» **Activity**: Copy out every line of the data exactly.

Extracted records
◆ ◆ ◆ ◆ ◆ ◆ ◆

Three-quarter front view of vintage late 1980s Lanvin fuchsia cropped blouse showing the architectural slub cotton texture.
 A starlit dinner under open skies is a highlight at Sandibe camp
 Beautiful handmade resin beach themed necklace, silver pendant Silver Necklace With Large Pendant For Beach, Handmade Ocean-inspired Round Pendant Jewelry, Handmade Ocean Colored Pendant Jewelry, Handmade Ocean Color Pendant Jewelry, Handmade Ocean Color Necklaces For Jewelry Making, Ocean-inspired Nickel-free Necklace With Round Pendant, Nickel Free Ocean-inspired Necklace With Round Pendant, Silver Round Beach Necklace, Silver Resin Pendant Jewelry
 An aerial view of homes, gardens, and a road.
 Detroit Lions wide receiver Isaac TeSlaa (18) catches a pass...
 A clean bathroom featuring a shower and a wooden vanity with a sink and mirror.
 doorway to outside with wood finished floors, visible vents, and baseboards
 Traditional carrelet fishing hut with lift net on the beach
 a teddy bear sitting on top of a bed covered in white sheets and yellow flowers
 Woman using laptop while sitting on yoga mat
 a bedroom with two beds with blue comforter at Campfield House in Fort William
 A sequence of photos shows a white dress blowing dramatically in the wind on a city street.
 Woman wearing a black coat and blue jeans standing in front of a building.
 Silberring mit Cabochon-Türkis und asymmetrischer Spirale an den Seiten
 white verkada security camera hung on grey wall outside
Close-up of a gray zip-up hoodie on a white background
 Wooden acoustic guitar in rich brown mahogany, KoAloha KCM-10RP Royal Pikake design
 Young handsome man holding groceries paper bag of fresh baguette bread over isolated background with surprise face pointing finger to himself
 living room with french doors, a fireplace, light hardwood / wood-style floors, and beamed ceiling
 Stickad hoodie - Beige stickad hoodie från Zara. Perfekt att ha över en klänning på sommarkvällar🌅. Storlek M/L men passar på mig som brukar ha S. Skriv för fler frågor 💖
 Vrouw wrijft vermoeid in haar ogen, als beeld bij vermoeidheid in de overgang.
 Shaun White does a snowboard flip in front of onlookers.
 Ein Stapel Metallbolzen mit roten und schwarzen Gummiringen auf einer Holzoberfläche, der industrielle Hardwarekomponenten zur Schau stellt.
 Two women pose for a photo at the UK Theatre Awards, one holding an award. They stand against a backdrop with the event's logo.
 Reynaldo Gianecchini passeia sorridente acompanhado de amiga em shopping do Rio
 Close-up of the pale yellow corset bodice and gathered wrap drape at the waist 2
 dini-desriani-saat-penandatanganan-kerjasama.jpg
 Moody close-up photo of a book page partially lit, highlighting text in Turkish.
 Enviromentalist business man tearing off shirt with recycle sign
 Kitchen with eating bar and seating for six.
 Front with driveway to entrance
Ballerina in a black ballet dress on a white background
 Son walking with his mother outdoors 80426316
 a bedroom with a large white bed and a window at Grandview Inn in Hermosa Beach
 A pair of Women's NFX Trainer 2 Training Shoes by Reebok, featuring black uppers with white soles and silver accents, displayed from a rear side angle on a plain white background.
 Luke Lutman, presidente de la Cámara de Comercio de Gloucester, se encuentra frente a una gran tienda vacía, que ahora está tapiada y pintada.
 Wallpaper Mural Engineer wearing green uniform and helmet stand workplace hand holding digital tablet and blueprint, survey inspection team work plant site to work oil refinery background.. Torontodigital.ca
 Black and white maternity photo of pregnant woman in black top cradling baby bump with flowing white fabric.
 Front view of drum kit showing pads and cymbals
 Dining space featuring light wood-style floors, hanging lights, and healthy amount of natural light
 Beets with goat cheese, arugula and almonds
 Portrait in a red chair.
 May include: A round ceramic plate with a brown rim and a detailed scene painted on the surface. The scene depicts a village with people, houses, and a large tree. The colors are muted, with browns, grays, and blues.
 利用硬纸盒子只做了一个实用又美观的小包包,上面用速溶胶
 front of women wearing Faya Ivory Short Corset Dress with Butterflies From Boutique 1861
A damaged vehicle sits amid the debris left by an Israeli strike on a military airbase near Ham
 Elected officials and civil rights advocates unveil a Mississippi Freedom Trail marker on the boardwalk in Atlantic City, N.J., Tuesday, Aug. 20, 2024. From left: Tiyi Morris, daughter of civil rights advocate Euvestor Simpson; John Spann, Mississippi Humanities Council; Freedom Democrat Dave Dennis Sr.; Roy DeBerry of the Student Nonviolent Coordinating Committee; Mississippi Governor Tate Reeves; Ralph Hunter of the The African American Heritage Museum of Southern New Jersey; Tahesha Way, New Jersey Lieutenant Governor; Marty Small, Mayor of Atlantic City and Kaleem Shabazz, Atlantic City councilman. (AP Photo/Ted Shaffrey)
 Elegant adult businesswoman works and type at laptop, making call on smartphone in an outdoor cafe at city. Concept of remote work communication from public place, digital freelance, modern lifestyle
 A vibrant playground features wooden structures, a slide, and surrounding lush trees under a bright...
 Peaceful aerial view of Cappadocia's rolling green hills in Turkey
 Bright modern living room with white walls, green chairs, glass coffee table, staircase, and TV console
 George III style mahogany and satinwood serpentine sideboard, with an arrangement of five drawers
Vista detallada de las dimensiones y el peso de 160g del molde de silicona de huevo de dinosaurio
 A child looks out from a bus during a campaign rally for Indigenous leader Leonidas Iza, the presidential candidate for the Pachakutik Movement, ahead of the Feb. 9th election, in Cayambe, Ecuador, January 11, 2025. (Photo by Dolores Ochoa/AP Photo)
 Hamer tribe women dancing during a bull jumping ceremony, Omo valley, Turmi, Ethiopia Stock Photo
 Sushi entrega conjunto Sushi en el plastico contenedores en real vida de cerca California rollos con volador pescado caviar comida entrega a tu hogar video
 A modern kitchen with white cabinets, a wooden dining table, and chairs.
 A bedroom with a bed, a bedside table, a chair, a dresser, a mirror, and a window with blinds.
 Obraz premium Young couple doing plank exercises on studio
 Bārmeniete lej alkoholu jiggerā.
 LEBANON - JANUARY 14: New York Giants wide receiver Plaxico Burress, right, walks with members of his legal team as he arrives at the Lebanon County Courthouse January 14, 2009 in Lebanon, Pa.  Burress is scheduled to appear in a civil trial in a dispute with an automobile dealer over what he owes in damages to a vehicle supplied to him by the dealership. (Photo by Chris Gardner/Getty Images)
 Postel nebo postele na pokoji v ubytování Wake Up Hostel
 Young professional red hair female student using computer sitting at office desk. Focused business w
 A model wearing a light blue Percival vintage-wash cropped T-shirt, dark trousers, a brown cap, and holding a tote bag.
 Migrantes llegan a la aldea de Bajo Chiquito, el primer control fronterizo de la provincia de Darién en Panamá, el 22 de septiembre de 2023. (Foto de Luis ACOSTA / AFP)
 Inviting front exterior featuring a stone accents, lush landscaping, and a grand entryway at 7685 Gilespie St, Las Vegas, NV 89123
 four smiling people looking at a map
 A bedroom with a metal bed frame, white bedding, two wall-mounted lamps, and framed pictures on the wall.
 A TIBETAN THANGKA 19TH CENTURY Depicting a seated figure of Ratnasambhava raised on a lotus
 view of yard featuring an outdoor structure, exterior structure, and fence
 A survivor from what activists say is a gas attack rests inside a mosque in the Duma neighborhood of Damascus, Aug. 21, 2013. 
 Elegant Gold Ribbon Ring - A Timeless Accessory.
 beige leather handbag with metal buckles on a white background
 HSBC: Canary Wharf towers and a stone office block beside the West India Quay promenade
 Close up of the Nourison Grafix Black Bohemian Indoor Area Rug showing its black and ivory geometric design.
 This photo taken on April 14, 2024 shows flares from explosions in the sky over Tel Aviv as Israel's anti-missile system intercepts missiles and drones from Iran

◆ ◆ ◆ ◆ ◆ ◆ ◆

» **Expected answer**:
Three-quarter front view of vintage late 1980s Lanvin fuchsia cropped blouse showing the architectural slub cotton texture.
 A starlit dinner under open skies is a highlight at Sandibe camp
 Beautiful handmade resin beach themed necklace, silver pendant Silver Necklace With Large Pendant For Beach, Handmade Ocean-inspired Round Pendant Jewelry, Handmade Ocean Colored Pendant Jewelry, Handmade Ocean Color Pendant Jewelry, Handmade Ocean Color Necklaces For Jewelry Making, Ocean-inspired Nickel-free Necklace With Round Pendant, Nickel Free Ocean-inspired Necklace With Round Pendant, Silver Round Beach Necklace, Silver Resin Pendant Jewelry
 An aerial view of homes, gardens, and a road.
 Detroit Lions wide receiver Isaac TeSlaa (18) catches a pass...
 A clean bathroom featuring a shower and a wooden vanity with a sink and mirror.
 doorway to outside with wood finished floors, visible vents, and baseboards
 Traditional carrelet fishing hut with lift net on the beach
 a teddy bear sitting on top of a bed covered in white sheets and yellow flowers
 Woman using laptop while sitting on yoga mat
 a bedroom with two beds with blue comforter at Campfield House in Fort William
 A sequence of photos shows a white dress blowing dramatically in the wind on a city street.
 Woman wearing a black coat and blue jeans standing in front of a building.
 Silberring mit Cabochon-Türkis und asymmetrischer Spirale an den Seiten
 white verkada security camera hung on grey wall outside
Close-up of a gray zip-up hoodie on a white background
 Wooden acoustic guitar in rich brown mahogany, KoAloha KCM-10RP Royal Pikake design
 Young handsome man holding groceries paper bag of fresh baguette bread over isolated background with surprise face pointing finger to himself
 living room with french doors, a fireplace, light hardwood / wood-style floors, and beamed ceiling
 Stickad hoodie - Beige stickad hoodie från Zara. Perfekt att ha över en klänning på sommarkvällar🌅. Storlek M/L men passar på mig som brukar ha S. Skriv för fler frågor 💖
 Vrouw wrijft vermoeid in haar ogen, als beeld bij vermoeidheid in de overgang.
 Shaun White does a snowboard flip in front of onlookers.
 Ein Stapel Metallbolzen mit roten und schwarzen Gummiringen auf einer Holzoberfläche, der industrielle Hardwarekomponenten zur Schau stellt.
 Two women pose for a photo at the UK Theatre Awards, one holding an award. They stand against a backdrop with the event's logo.
 Reynaldo Gianecchini passeia sorridente acompanhado de amiga em shopping do Rio
 Close-up of the pale yellow corset bodice and gathered wrap drape at the waist 2
 dini-desriani-saat-penandatanganan-kerjasama.jpg
 Moody close-up photo of a book page partially lit, highlighting text in Turkish.
 Enviromentalist business man tearing off shirt with recycle sign
 Kitchen with eating bar and seating for six.
 Front with driveway to entrance
Ballerina in a black ballet dress on a white background
 Son walking with his mother outdoors 80426316
 a bedroom with a large white bed and a window at Grandview Inn in Hermosa Beach
 A pair of Women's NFX Trainer 2 Training Shoes by Reebok, featuring black uppers with white soles and silver accents, displayed from a rear side angle on a plain white background.
 Luke Lutman, presidente de la Cámara de Comercio de Gloucester, se encuentra frente a una gran tienda vacía, que ahora está tapiada y pintada.
 Wallpaper Mural Engineer wearing green uniform and helmet stand workplace hand holding digital tablet and blueprint, survey inspection team work plant site to work oil refinery background.. Torontodigital.ca
 Black and white maternity photo of pregnant woman in black top cradling baby bump with flowing white fabric.
 Front view of drum kit showing pads and cymbals
 Dining space featuring light wood-style floors, hanging lights, and healthy amount of natural light
 Beets with goat cheese, arugula and almonds
 Portrait in a red chair.
 May include: A round ceramic plate with a brown rim and a detailed scene painted on the surface. The scene depicts a village with people, houses, and a large tree. The colors are muted, with browns, grays, and blues.
 利用硬纸盒子只做了一个实用又美观的小包包,上面用速溶胶
 front of women wearing Faya Ivory Short Corset Dress with Butterflies From Boutique 1861
A damaged vehicle sits amid the debris left by an Israeli strike on a military airbase near Ham
 Elected officials and civil rights advocates unveil a Mississippi Freedom Trail marker on the boardwalk in Atlantic City, N.J., Tuesday, Aug. 20, 2024. From left: Tiyi Morris, daughter of civil rights advocate Euvestor Simpson; John Spann, Mississippi Humanities Council; Freedom Democrat Dave Dennis Sr.; Roy DeBerry of the Student Nonviolent Coordinating Committee; Mississippi Governor Tate Reeves; Ralph Hunter of the The African American Heritage Museum of Southern New Jersey; Tahesha Way, New Jersey Lieutenant Governor; Marty Small, Mayor of Atlantic City and Kaleem Shabazz, Atlantic City councilman. (AP Photo/Ted Shaffrey)
 Elegant adult businesswoman works and type at laptop, making call on smartphone in an outdoor cafe at city. Concept of remote work communication from public place, digital freelance, modern lifestyle
 A vibrant playground features wooden structures, a slide, and surrounding lush trees under a bright...
 Peaceful aerial view of Cappadocia's rolling green hills in Turkey
 Bright modern living room with white walls, green chairs, glass coffee table, staircase, and TV console
 George III style mahogany and satinwood serpentine sideboard, with an arrangement of five drawers
Vista detallada de las dimensiones y el peso de 160g del molde de silicona de huevo de dinosaurio
 A child looks out from a bus during a campaign rally for Indigenous leader Leonidas Iza, the presidential candidate for the Pachakutik Movement, ahead of the Feb. 9th election, in Cayambe, Ecuador, January 11, 2025. (Photo by Dolores Ochoa/AP Photo)
 Hamer tribe women dancing during a bull jumping ceremony, Omo valley, Turmi, Ethiopia Stock Photo
 Sushi entrega conjunto Sushi en el plastico contenedores en real vida de cerca California rollos con volador pescado caviar comida entrega a tu hogar video
 A modern kitchen with white cabinets, a wooden dining table, and chairs.
 A bedroom with a bed, a bedside table, a chair, a dresser, a mirror, and a window with blinds.
 Obraz premium Young couple doing plank exercises on studio
 Bārmeniete lej alkoholu jiggerā.
 LEBANON - JANUARY 14: New York Giants wide receiver Plaxico Burress, right, walks with members of his legal team as he arrives at the Lebanon County Courthouse January 14, 2009 in Lebanon, Pa.  Burress is scheduled to appear in a civil trial in a dispute with an automobile dealer over what he owes in damages to a vehicle supplied to him by the dealership. (Photo by Chris Gardner/Getty Images)
 Postel nebo postele na pokoji v ubytování Wake Up Hostel
 Young professional red hair female student using computer sitting at office desk. Focused business w
 A model wearing a light blue Percival vintage-wash cropped T-shirt, dark trousers, a brown cap, and holding a tote bag.
 Migrantes llegan a la aldea de Bajo Chiquito, el primer control fronterizo de la provincia de Darién en Panamá, el 22 de septiembre de 2023. (Foto de Luis ACOSTA / AFP)
 Inviting front exterior featuring a stone accents, lush landscaping, and a grand entryway at 7685 Gilespie St, Las Vegas, NV 89123
 four smiling people looking at a map
 A bedroom with a metal bed frame, white bedding, two wall-mounted lamps, and framed pictures on the wall.
 A TIBETAN THANGKA 19TH CENTURY Depicting a seated figure of Ratnasambhava raised on a lotus
 view of yard featuring an outdoor structure, exterior structure, and fence
 A survivor from what activists say is a gas attack rests inside a mosque in the Duma neighborhood of Damascus, Aug. 21, 2013. 
 Elegant Gold Ribbon Ring - A Timeless Accessory.
 beige leather handbag with metal buckles on a white background
 HSBC: Canary Wharf towers and a stone office block beside the West India Quay promenade
 Close up of the Nourison Grafix Black Bohemian Indoor Area Rug showing its black and ivory geometric design.
 This photo taken on April 14, 2024 shows flares from explosions in the sky over Tel Aviv as Israel's anti-missile system intercepts missiles and drones from Iran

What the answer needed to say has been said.